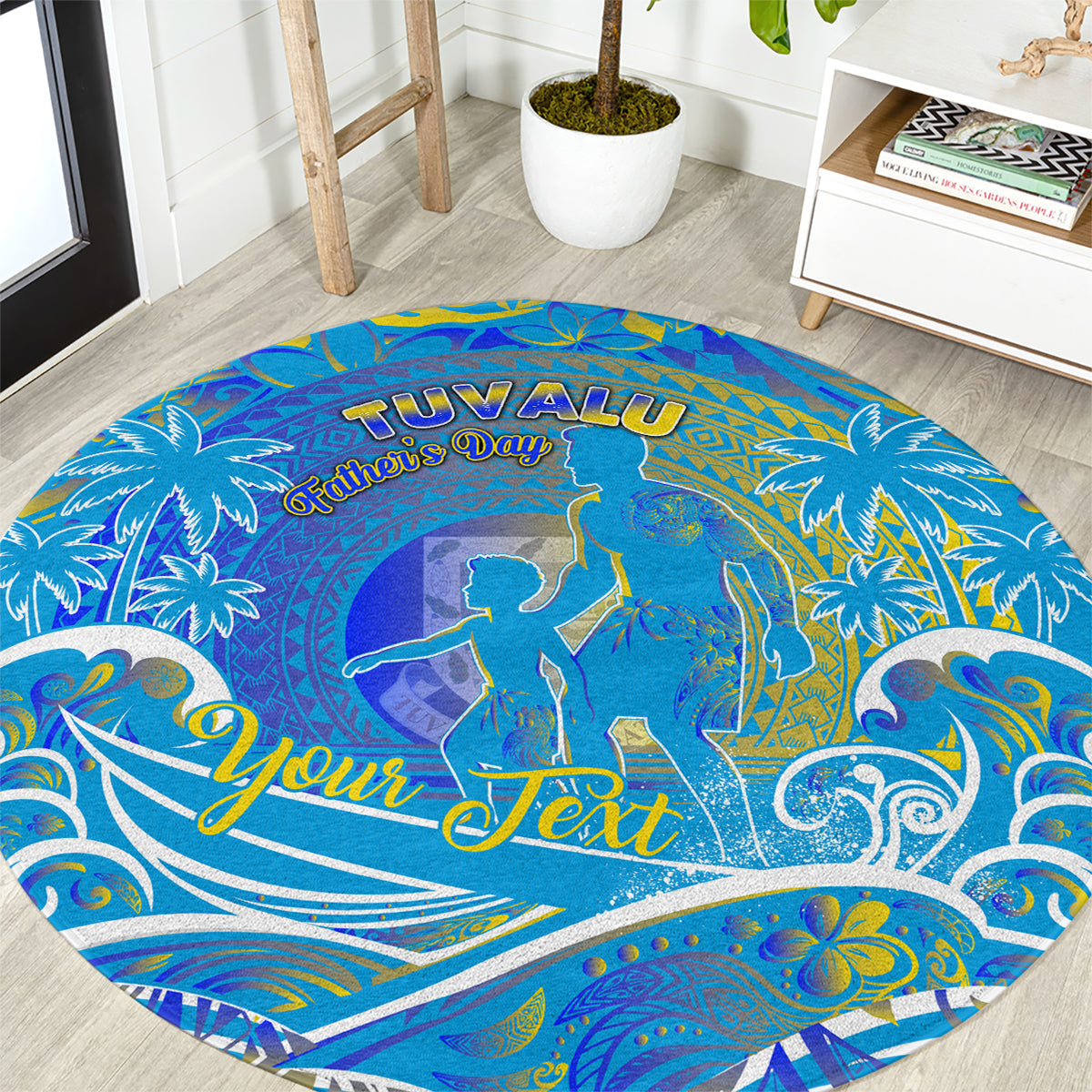 Father's Day Tuvalu Round Carpet Special Dad Polynesia Paradise DT02 Blue - Polynesian Pride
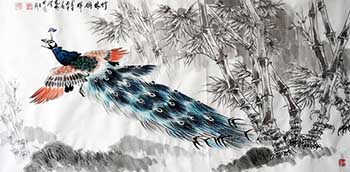 Chinese Peacock Peahen Painting,136cm x 68cm,hfg21144010-x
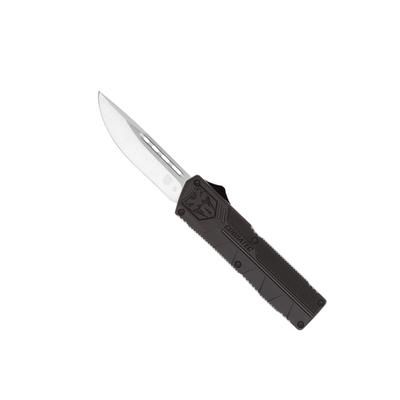CobraTec Knives Lightweight OTF Automatic Folding Knives 3.25in D2 Steel Drop Non-Serrated Black Handle BCTLWDNS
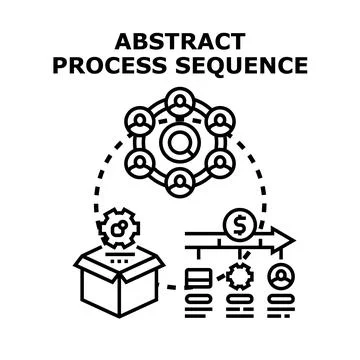 Abstract process sequence vector representing business workflow development Stockillustratie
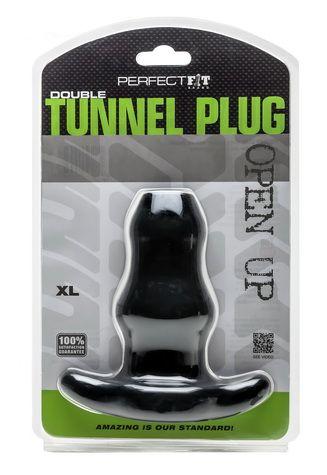 Double Tunnel Plug X-Large Black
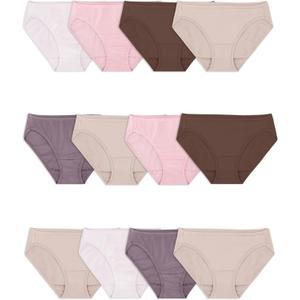 Fruit of the Loom Women's Eversoft Cotton Underwear Multipacks, Tag Free & Breathable, 5, Bikini - Assorted Body Tones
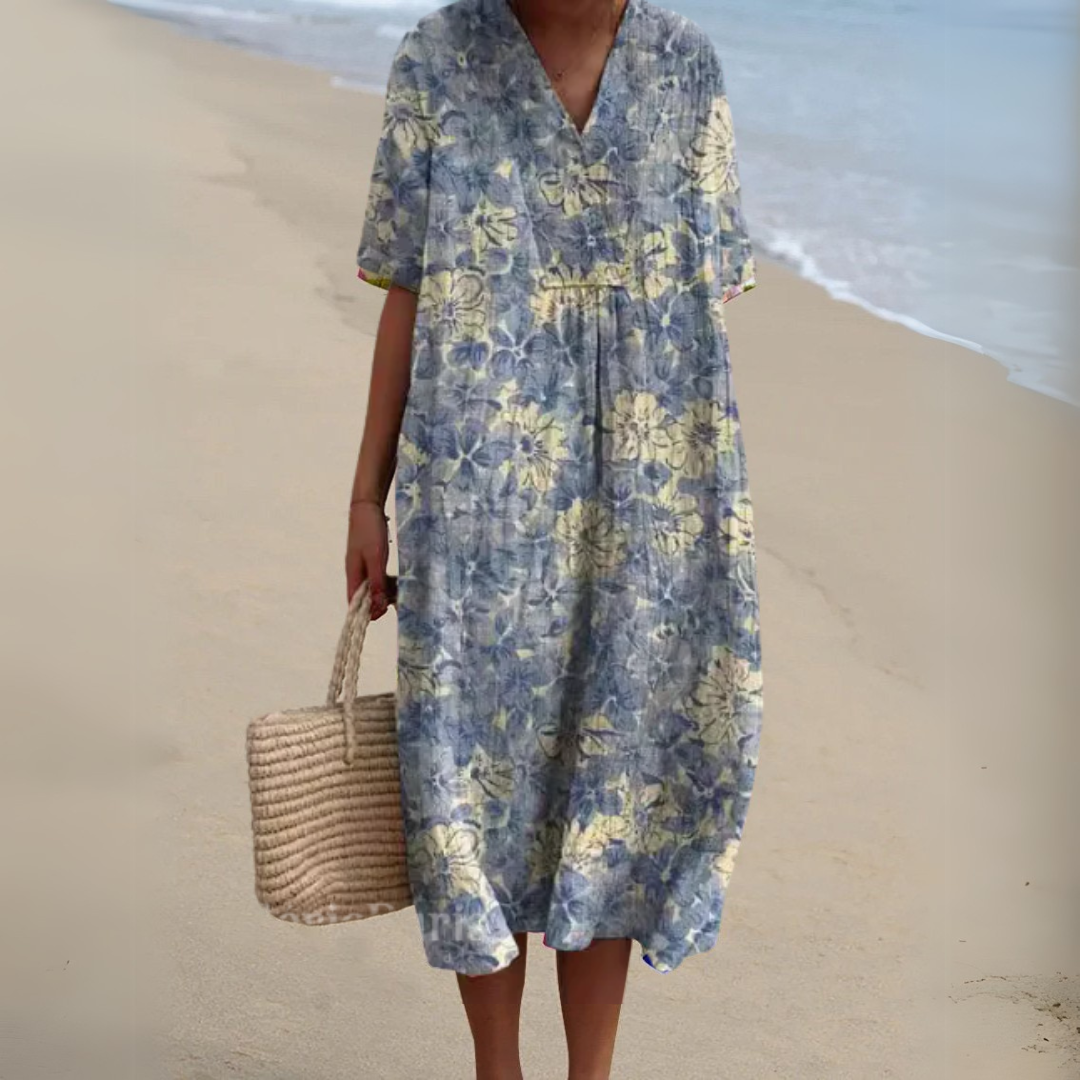 Women's midi dress with a V-neckline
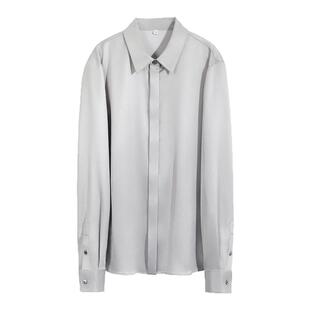 OFFIY-柔光珍珠缎面 重磅醋酸丝滑暗门襟重要场合小衫长袖女衬衫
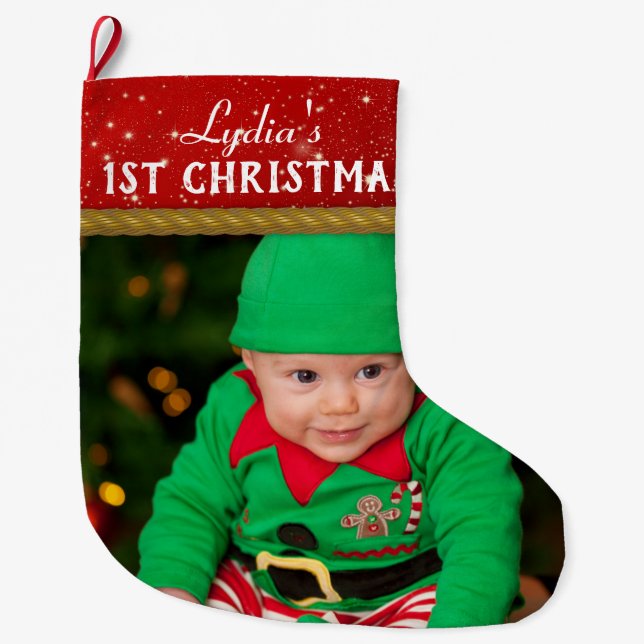 Baby Photo Baby’s First Christmas Large Christmas Stocking (Front)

--- --- ---

What you have to do — Produce the material above again in full, with identical lines and no pictures.

Problem solution —
 Father's Day Tuvalu Round Carpet Special Dad Polynesia Paradise DT02 Blue - Polynesian Pride
 Chinese Peacock Peahen Painting,136cm x 68cm,hfg21144010-x
CobraTec Knives Lightweight OTF Automatic Folding Knives 3.25in D2 Steel Drop Non-Serrated Black Handle BCTLWDNS
 Abstract process sequence vector representing business workflow development Stockillustratie
 Double Tunnel Plug X-Large Black
 Fruit of the Loom Women's Eversoft Cotton Underwear Multipacks, Tag Free & Breathable, 5, Bikini - Assorted Body Tones
 Women's midi dress with a V-neckline
 OFFIY-柔光珍珠缎面 重磅醋酸丝滑暗门襟重要场合小衫长袖女衬衫
 Baby Photo Baby’s First Christmas Large Christmas Stocking (Front)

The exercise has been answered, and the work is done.